Example YAML snippet

alias: Office Day On
description: ""
trigger:
  - platform: state
    entity_id: binary_sensor.office_motion_motion
    to: "on"
condition:
  - condition: or
    conditions:
      - condition: state
        entity_id: input_select.mode
        state: Home
action:
  - type: turn_on
    device_id: 6a7dd3564b68685d3dfbfbe0d2429237
    entity_id: light.office_floor_lamp
    domain: light
    brightness_pct: 100
  - type: turn_on
    device_id: 6b3ff3b7d4b89d95e2120316881e62ca
    entity_id: light.office_overhead
    domain: light
    brightness_pct: 100
  - service: zwave_js.bulk_set_partial_config_parameters
    data:
      parameter: "16"
      value: 33884694
    target:
      entity_id:
        - light.office_floor_lamp
        - light.office_overhead
    enabled: false
  - service: light.turn_on
    data:
      effect: Twinkle
    target:
      entity_id:
        - light.esp07_light_1
        - light.esp07_light_2
        - light.esp07_light_3
        - light.esp07_light_4
mode: single

Anything in the logs that might be useful for us?

No response

Additional information

Watching several other issues that have been opened and closed:

https://github.com/home-assistant/core/issues/97965 https://github.com/home-assistant/core/issues/97768 https://github.com/home-assistant/core/issues/97721 https://github.com/home-assistant/core/issues/97662 https://github.com/home-assistant/core/issues/97581 https://community.home-assistant.io/t/already-running-new-automation-bug/596654/16

lux4rd0 commented 1 year ago

I still see my Z-wave devices go "dead," but a quick ping brings them back. I have automation that runs to bring them back online, but they don't always work. If I manually click "ping" on the devices, they return to "Alive."

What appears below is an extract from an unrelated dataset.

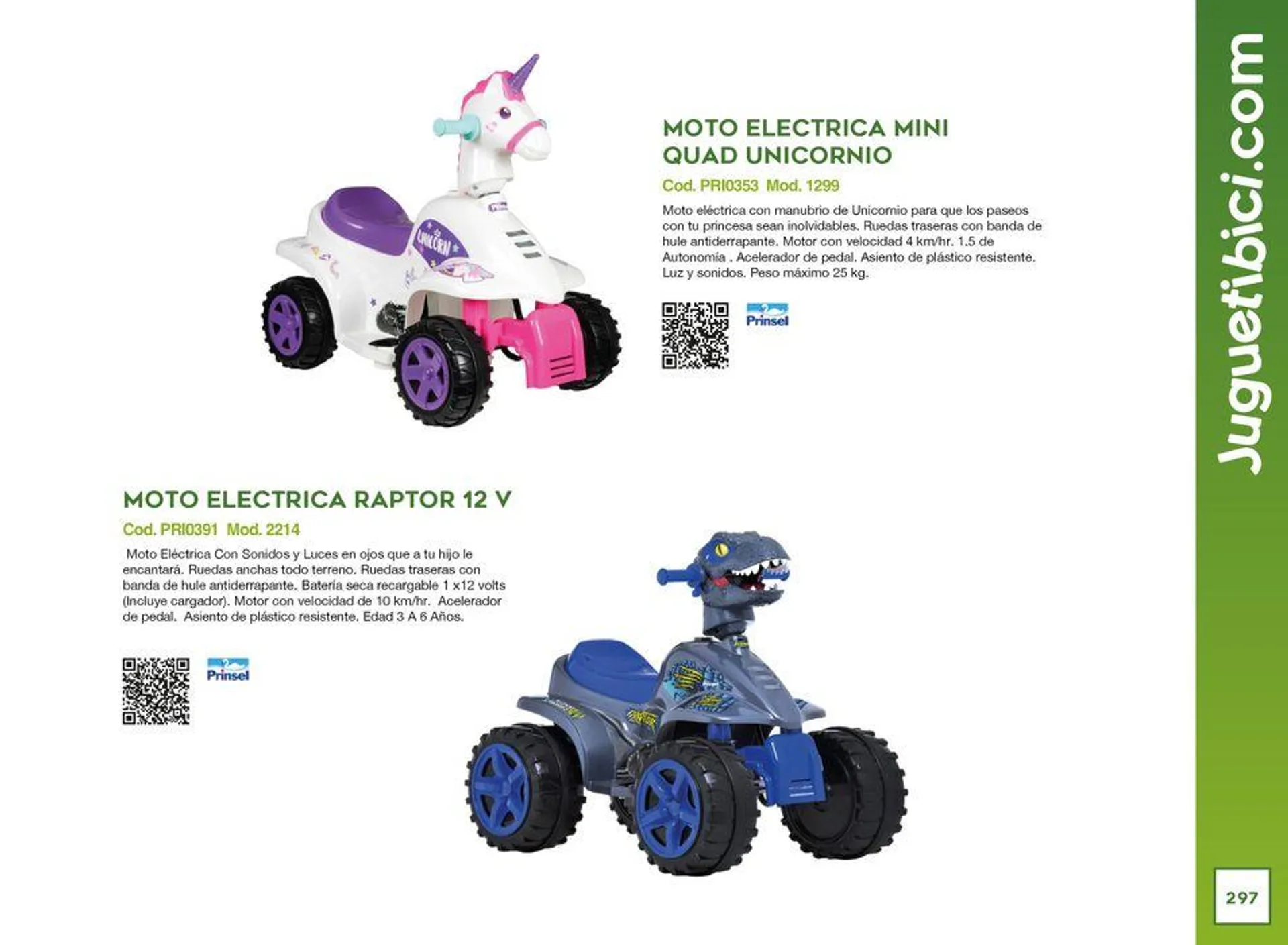 CATÁLOGO JUGUETIBICI 2024 - 298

Before the last few months - I rarely, if ever, had Z-wave device issues. I believe it combines both Z-wave devices getting temporarily marked dead and the automation configuration of the 10-second time-out.

It looks like there's progress on the integration framework, but happy to replicate it again.

It's frustrating enough that I'm about to try and migrate all 54 of my devices from my husbzb-1 to a new Zooz 800 stick and Sonoff Zigbee stick. Knowing that there are some known issues with the older sticks - should I wait to see if there's a fix here or do the work to unpair and repair all of my devices?

Thanks again for all of the hard work tracking these items down!

kimmilde commented 1 year ago

Did a update a couple of days ago, and damn. I have now 4 automation running and have frozen.... I cant continue like this as it messes up everything in the house. Anyone know how far I have to roll back?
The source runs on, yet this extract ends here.